There is a range of factors which drive the Kondratiev waves. Following Schumpeter, we have focused so far on technological innovations. However, debt cycles are also a key. What are they?

The debt cycles are comprised of alternate leveraging and deleveraging of debt. The former occurs when people incur debt, increasing the debt-to-income ratio, or the debt-to-assets ratio. The latter is the opposite, so it means paying back the debts, which leads to the decrease in the amount of debt relative to wages or assets.

Thanks to leveraging, economic units can increase their spending and magnify profits when the returns from the asset more than offset the costs of borrowing. This is why increasing debt load may temporarily boost economic growth. However, at some point debt servicing costs become too much relative to income. When the debt level reaches a saturation point, the deleveraging begins, and GDP growth slows down.

The best example may be the Great Recession. Prior to the financial crisis, U.S. households had been financing spending more and more by credit, boosting their leverage. Another mortgage? Why not, the house prices have to rise forever, right? We all know how the credit bonanza ended. When the home prices finally fell, while debt interest rates went higher, borrowers weren’t able to cover their debt servicing costs any longer. The households went under water and couldn’t roll over their debts. The economy started to deleverage, as one can see in the chart below. It was a healthy reset, but economic growth slowed down, as households had to tighten their belts.

Chart 1: U.S. household debt relative to GDP (green line, right axis, as %) and U.S. household debt service payments relative to disposable personal income (red line, left axis, as %) from 2005 to 2016/2017 (the yellow rectangle marks the recession).

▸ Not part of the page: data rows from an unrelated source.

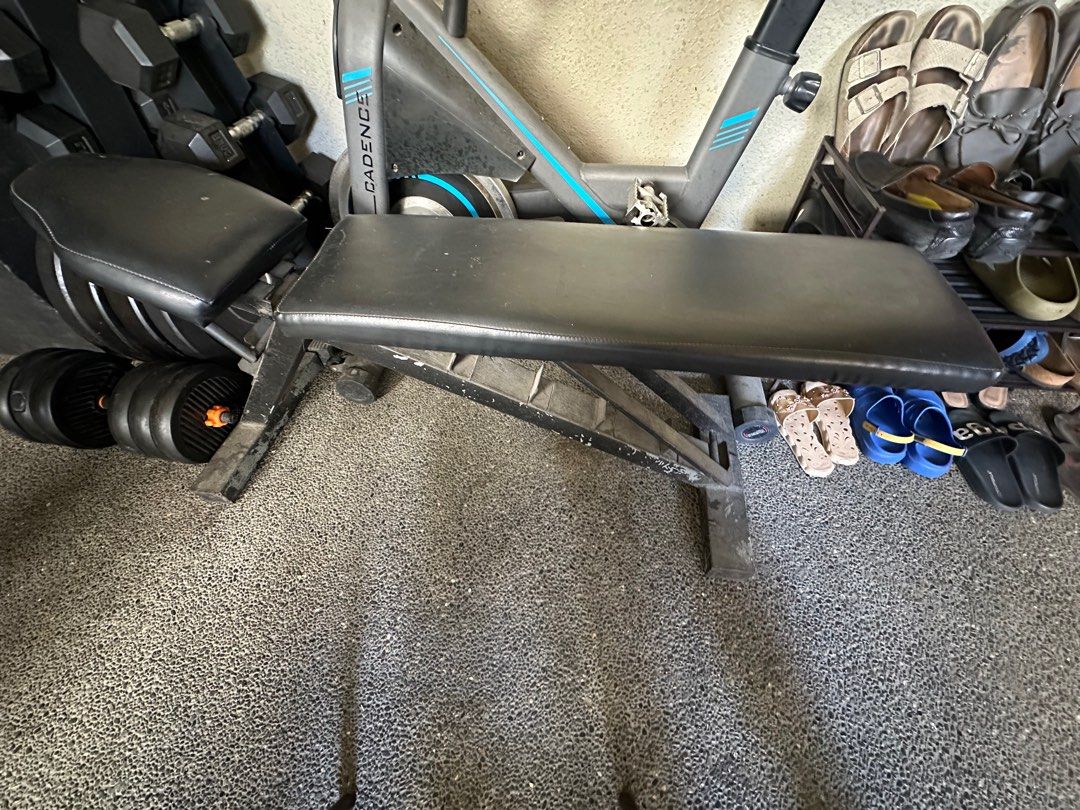 Fitness Bench (Category: Weights & Dumbbells) located in Pasig City. Submitted by fiercewolf.0dc9f1 (Listing ID 1395351608, Image 1). Description: Standard size. Adjustable/reclining back for use with weights RFS We moved and have no home gym anymore.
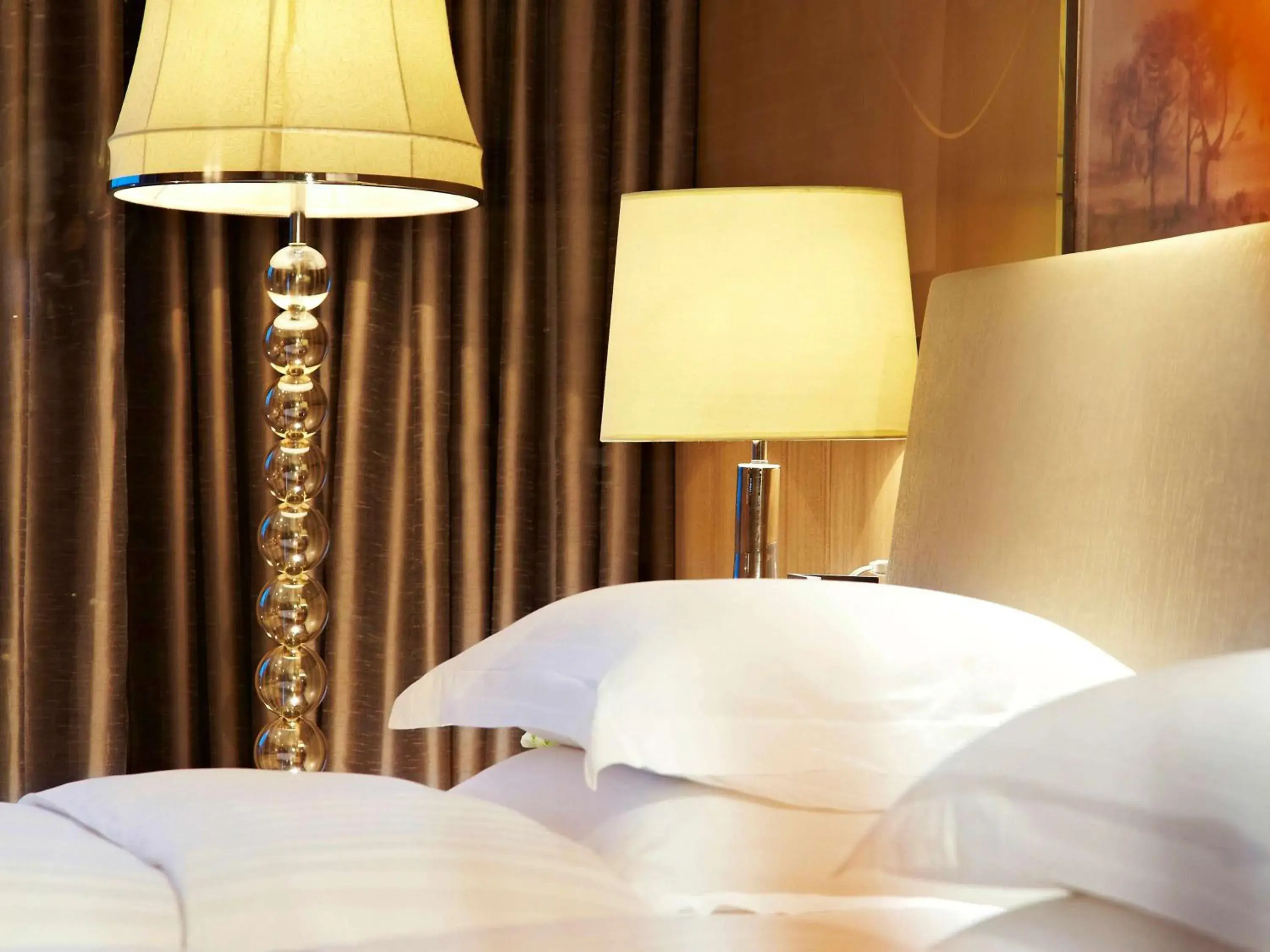 Superior King Room with Lake View in Pullman Xiamen Powerlong Superior King Room with Lake View in Pullman Xiamen Powerlong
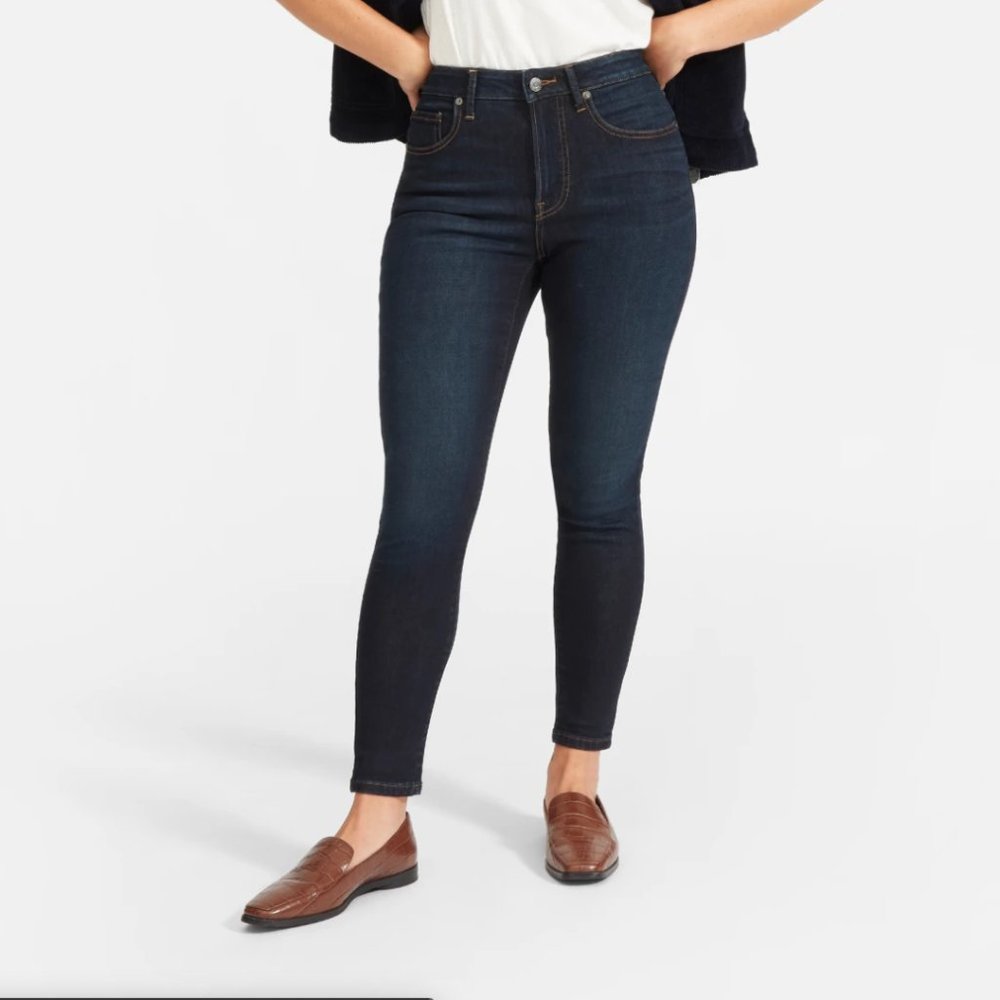 EUC Everlane Curvy High-Rise Jeans in Dark Blue
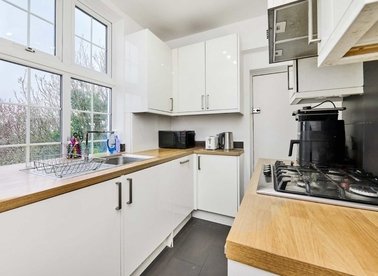 Properties for sale in Streatham Hill - SW2 4RH view1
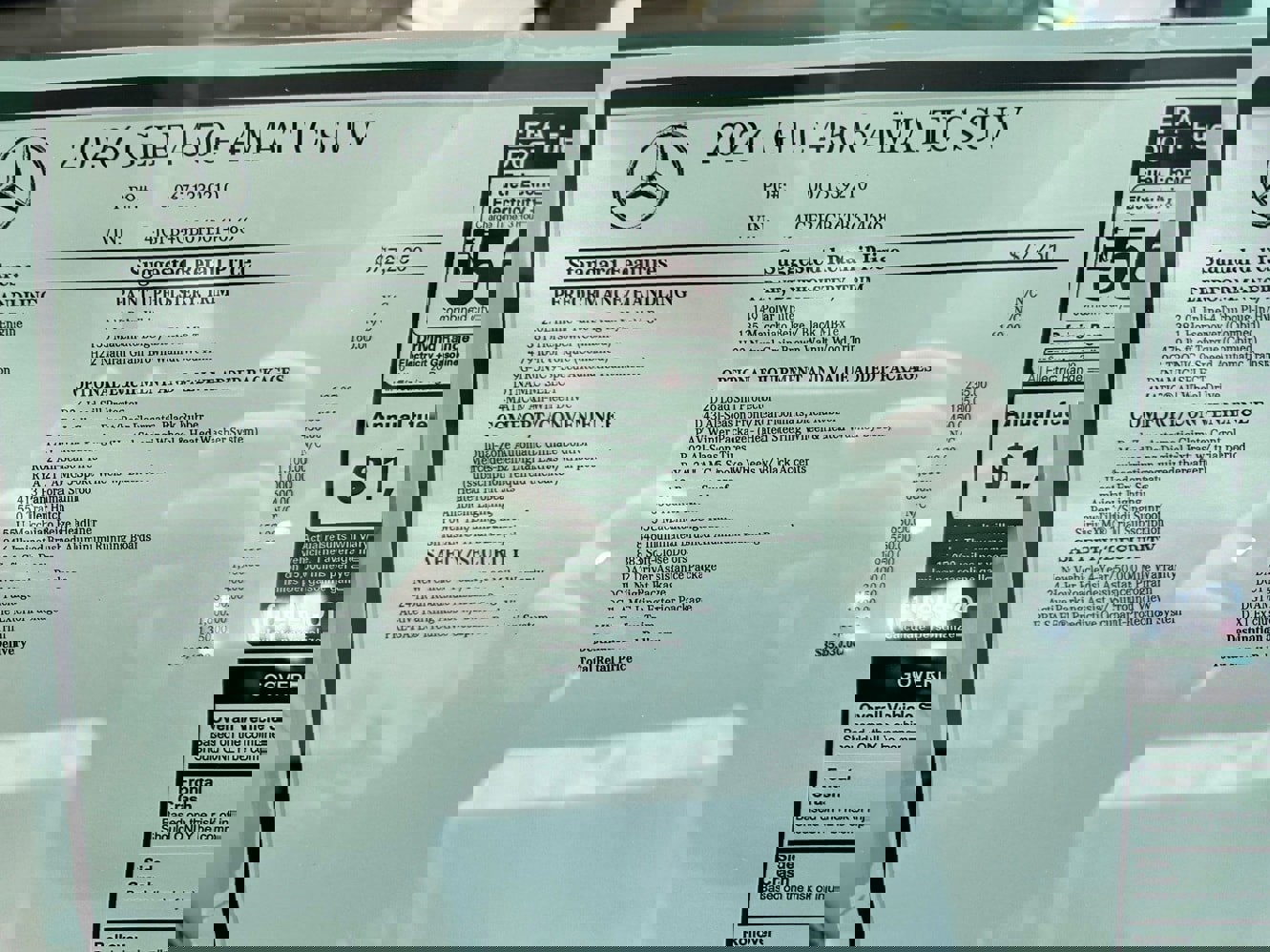 New 2026 Mercedes-Benz GLE 450e Exclusive 4MATIC AMG Line Plug image 17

What does it all imply for the gold market? Well, before we answer this question, let’s relate the debt cycles to the Kondratiev waves. In the autumn phase, there is speculative fever, as economic growth is fueled by debt and anticipation of ever-increasing asset prices. We believe that that phase occurred and was ended by the Great Recession. Then, winter came: the stock market crashed and the unemployment rate soared. And – importantly – there was asset price deflation and debt deleveraging (the deflation would have been larger if the central banks didn’t introduce ZIRP and quantitative easing). The interest rates were ultra low, but didn’t boost the credit expansion, as deleveraging dominated. Households didn’t want to take on new debt, since they had to pay back their previous loans.